My team just finished a 6-week evaluation of agentic testing platforms, and I’m genuinely conflicted. These tools promise to revolutionize testing by continuously analyzing code changes, auto-detecting coverage gaps, and autonomously generating tests to close them.
Sounds amazing, right? But I can’t shake the feeling we’re about to give up control of something critical.
What Agentic Testing Actually Means
Traditional AI testing: You prompt, AI generates, you review.
Agentic testing: AI continuously monitors your codebase, decides what needs testing, generates tests autonomously, and can even “self-heal” when tests break.
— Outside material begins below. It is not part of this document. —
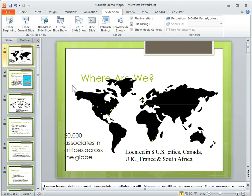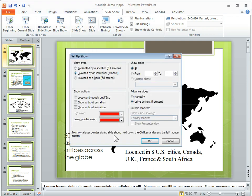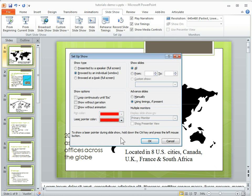We're on our slide show right now. What we want to do is go into the Slide Show tab, then click on Set Up Slide Show. Here you can see you've got an option to choose your laser pointer color. We'll keep it red, but you can see there are some other options as well.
The platforms we evaluated (I won’t name names, but there are 3-4 serious players now) offer:
1. Autonomous Coverage Gap Detection
- Monitors every commit
- Identifies uncovered code paths
- Prioritizes based on code complexity and change frequency
- Generates tests automatically, no human prompt needed
2. Self-Healing Tests
- When tests break due to refactoring, AI updates them
- Analyzes intent vs implementation
- Rewrites assertions to match new code structure
- Claims 80% of test maintenance can be automated
3. Regression Prevention
- Learns from production bugs
- Generates tests to prevent similar issues
- Adaptive test generation based on actual failure patterns
4. Test Suite Optimization
- Identifies redundant tests
- Removes or consolidates overlapping coverage
- Reorders tests for faster failure detection
- Claims 30-50% reduction in test execution time
The Demos Were Incredible
In our proof of concept:
- Coverage gaps identified: 127 in critical payment code
- Tests auto-generated: 214 new tests in 3 days
- Flaky tests fixed: 18 (self-healing kicked in during refactor)
- Test execution time reduced: 38%
Our engineers were excited. Our VP Eng wanted to buy immediately. But I asked for 4 more weeks to stress test it.
What We Found in Week 7-10
Problem 1: Black Box Test Generation
- AI generates tests, but we don’t understand the logic
- Test names are generic:
test_payment_validation_edge_case_7 - When tests fail, unclear what behavior is being validated
- Junior engineers can’t explain what the tests do
Problem 2: Self-Healing “Around” Real Bugs
- During a refactor, 12 tests “self-healed”
- 3 of those tests had actually caught a regression
- AI assumed the new implementation was correct (it wasn’t)
- Tests now validated broken behavior
Problem 3: Loss of Test Understanding
- Six months from now, when these tests fail, who can debug them?
- Tests become “magic” that the AI maintains
- Team loses ability to reason about test coverage
Problem 4: Vendor Lock-In
- Tests generated by AI use vendor-specific patterns
- Test suite becomes dependent on the platform
- Switching costs are prohibitive
- What happens if the vendor goes away?
Problem 5: Cost Explosion
- Platform charges per “agent action”
- In month 2, we got a bill for 10x the quoted price
- Agentic testing is expensive at scale
- ROI questionable compared to human test writers
The Philosophical Question
This goes beyond tooling. Are we ready for AI to make autonomous decisions about test strategy?
When a human writes a test, they’re making a judgment call:
- What behavior matters?
- What edge cases are realistic?
- How coupled should this test be to implementation?
- Is this worth testing given maintenance costs?
Agentic systems make these calls without human input. They optimize for coverage and pass rates, not strategic value.
The Control vs. Velocity Trade-Off
The case for agentic testing:
- Humans can’t keep up with code velocity
- Test coverage gaps are inevitable without AI
- Self-healing reduces maintenance burden
- Frees engineers to focus on features, not tests
The case against:
- Tests are specifications, not just code coverage
- Autonomous changes risk validating bugs
- Loss of test understanding is dangerous
- Vendor dependency and costs
Where I’m Landing (For Now)
After this evaluation, here’s our decision:
We’re adopting limited agentic testing:
- Use for flaky test detection and fixing (high value, low risk)
- Use for test suite optimization (speed improvements)
- Use for coverage gap DETECTION (but human-driven generation)
We’re NOT adopting:
- Fully autonomous test generation
- Self-healing without human review
- AI-driven test strategy decisions
Basically: AI as a tool, not an autonomous agent.
My Questions for the Community
Has anyone deployed agentic testing in production?
- What was your experience?
- Did self-healing work or cause problems?
- How did your team adapt?
For those skeptical of autonomy:
- Where do you draw the line?
- Is there a “right” level of AI autonomy in testing?
- How do you prevent falling behind teams that embrace it fully?
For those in regulated industries:
- How do you handle audit requirements with autonomous testing?
- Can you even use these tools given compliance needs?
I’m genuinely uncertain if we’re being cautious or foolish. The technology is here. The question is whether we’re ready for it.